Last week, more than 30 activists, journalists, religious scholars and former Afghan government officials met in Vienna to discuss a single shared issue: opposition to the Taliban. Referred to as the Second Vienna Conference, it was, as the name suggests, the second such meeting of opposition representatives in Vienna since September last year.
The first meeting was notable because it acknowledged the commander of the National Resistance Front of Afghanistan, Ahmad Massoud, as the de facto leader of this anti-Taliban opposition movement. It was also noteworthy because it was the first time that such a gathering had taken place on the international stage since the Taliban regained power in August 2021.
The second gathering in Vienna included an even more diverse group of participants, including activists from many different backgrounds, ethnic groups and religious affiliations.
Although the center of gravity for the conference was Massoud and the National Resistance Front, the National Resistance Council for the Salvation of Afghanistan was also represented. It is an anti-Taliban movement founded in Turkiye last year by prominent Afghan power brokers living in exile.
In addition, leaders and representatives of the Hazara and Uzbek minorities were present at the conference. Almost half the participants were women. And for the first time, even an Afghan Sikh, Anarkali Hunaryar, participated. In 2010, she was the first non-Muslim woman elected to the Afghan parliament.
As in September, the participants at the latest conference issued a joint statement outlining their belief that the status quo under the Taliban is unacceptable for Afghanistan.

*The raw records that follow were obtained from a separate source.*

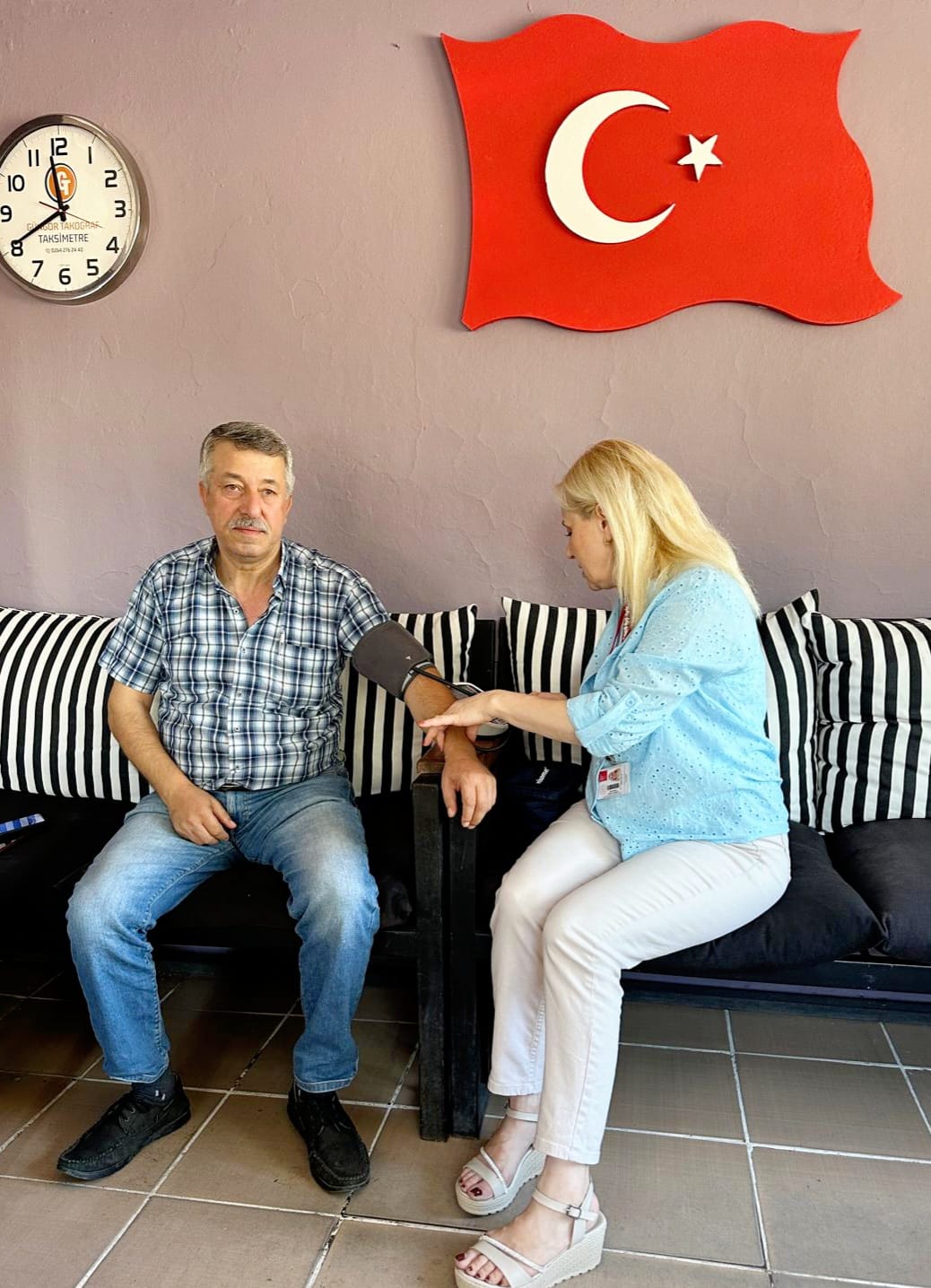 TAKSİ ŞOFÖRLERİNE YÖNELİK SAĞLIKLI YAŞAM PROJESİ TAMAMLANDI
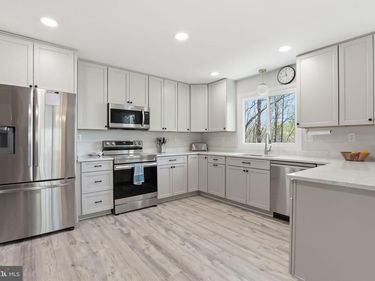 218 MIDSHIPMAN CIRCLE, STAFFORD, VA 22554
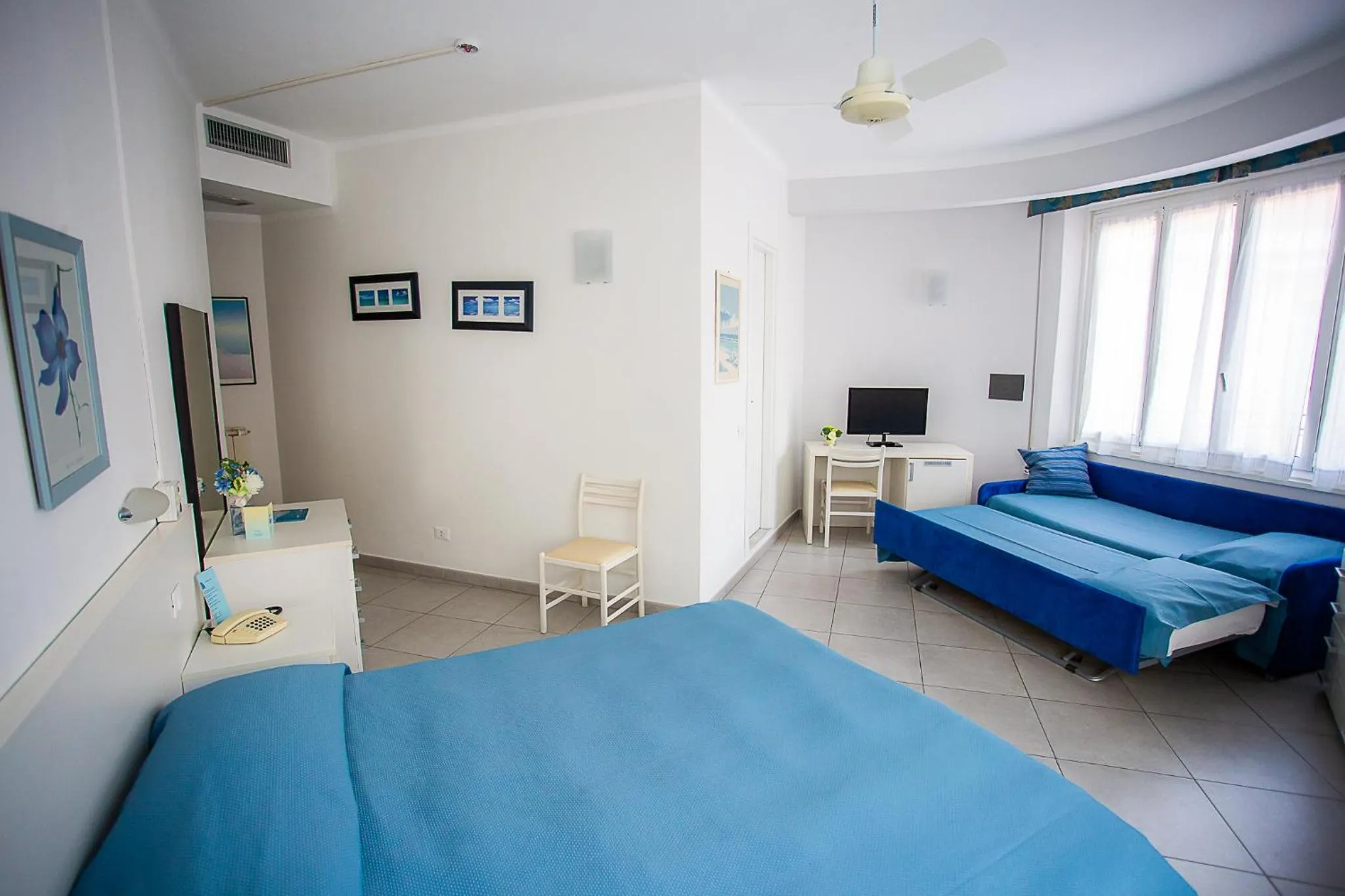 Photo of the whole room, Bed in Hotel Nuovo Al Mare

There was an emphasis on the protection of basic human rights, especially equal rights for women and minorities, and the fact that these rights are non-negotiable.
This time, however, the participants also agreed to “support all forms of resistance against the Taliban,” including armed resistance. This went a step further than what had been agreed in September.

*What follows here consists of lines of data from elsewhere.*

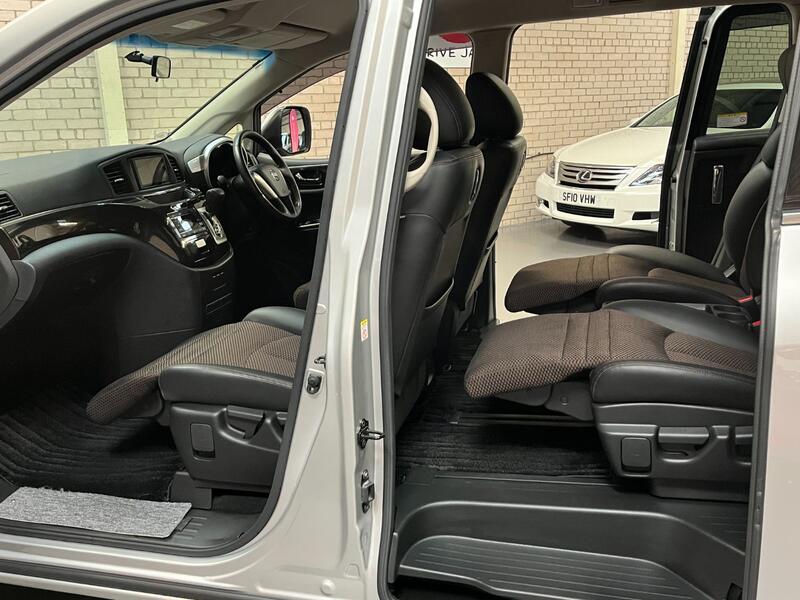 NISSAN ELGRAND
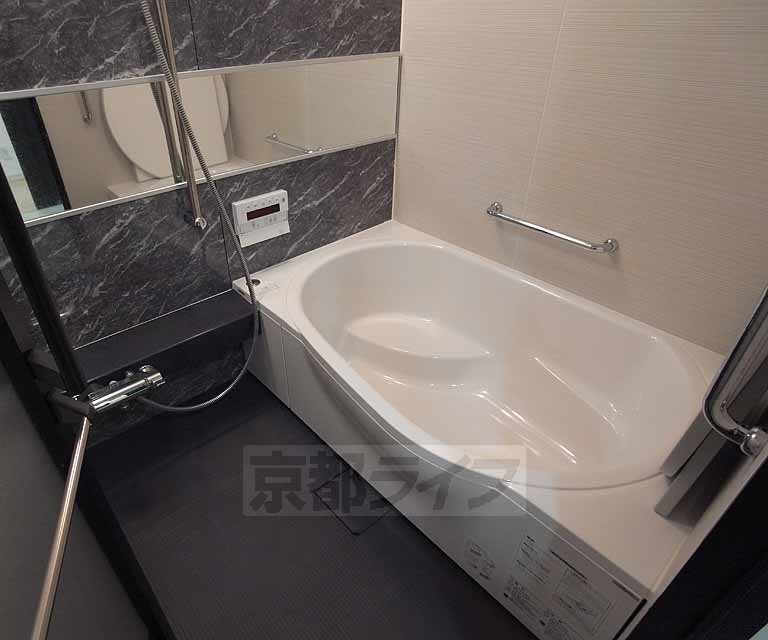 バス・シャワールーム　広いお風呂でゆったり浸かれます。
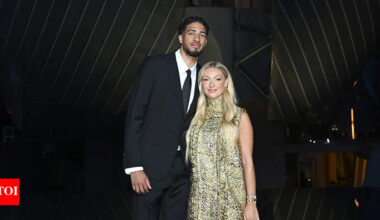 "We get to relive our last year" - Tyrese Haliburton's fiancée Jade Jones shares tearful moment at NBA star's documentary debut with Starting 5 | NBA News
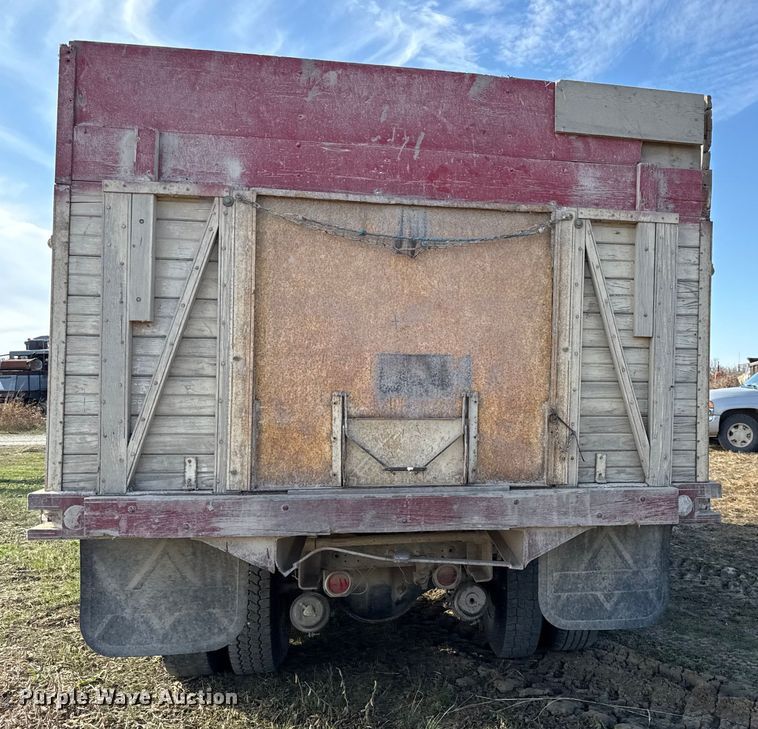 image for item EC4462 1978 Ford L9000 grain truck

Although smaller armed groups are emerging in Afghanistan, the National Resistance Front remains the only credible, capable and non-extremist armed opposition to the Taliban. Based in Panjshir province, and with a smaller presence in a dozen other provinces across the north of the country, it has continued to fight the Taliban, against all odds and with no international support.
The group recently made it through a second harsh winter in the mountains of Panjshir. If last year was anything to go by, it will soon begin to launch offensive operations against the Taliban, predominantly in northern Afghanistan. Militarily speaking, the goal of the National Resistance Front is to establish an area of control in the north of the country, similar to what its predecessor, the Northern Alliance, did in the 1990s.
The Second Vienna Conference did not go unnoticed in Washington. At a time when the White House wants to ignore Afghanistan and forget about the disaster that unfolded there in 2021, the US Congress has been making efforts to hold the White House accountable.
Releasing a statement on Twitter, the chairman of the House Foreign Affairs Committee, Rep. Mike McCaul, wrote: “I commend the efforts of anti-Taliban forces to unite in opposition to Taliban oppression, especially oppression perpetrated against Afghan women and girls and Afghan allies of the United States.”
The latest conference should be considered the beginning of a new “Vienna process” that can serve as a platform for international engagement with Afghan opposition groups that have been marginalized and persecuted by the Taliban regime.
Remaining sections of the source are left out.